[Work to be completed] Each line of the material below is to be written out exactly. Leave out any picture.

━━━ Information provided

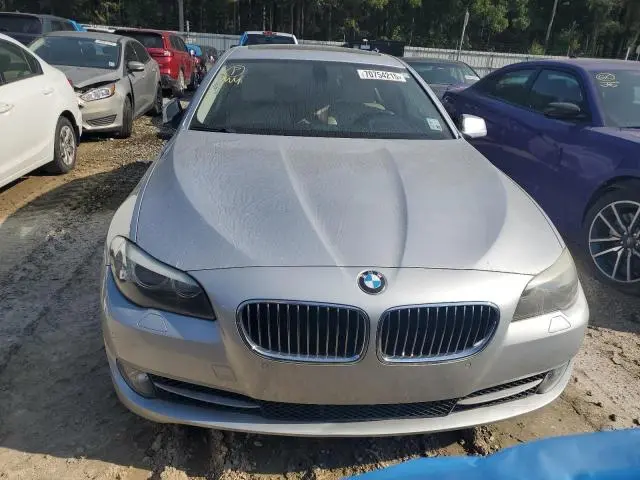 2011 BMW 535 I  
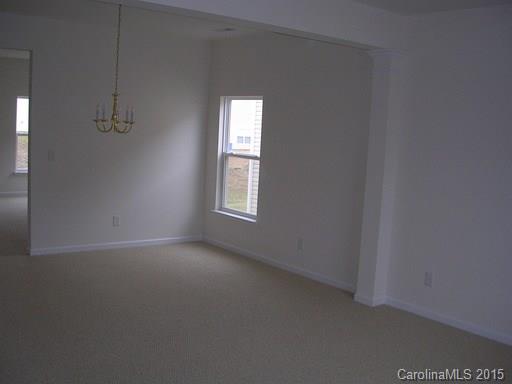 Dilworth Chase - Residential Lease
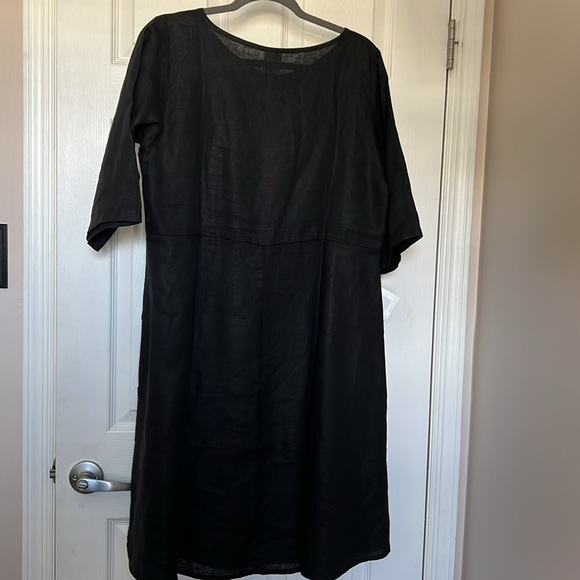 Carol Turner Cordelia dress - Picture 4 of 4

━━━━━━

[Written solution]
 2011 BMW 535 I  
 Dilworth Chase - Residential Lease
 Carol Turner Cordelia dress - Picture 4 of 4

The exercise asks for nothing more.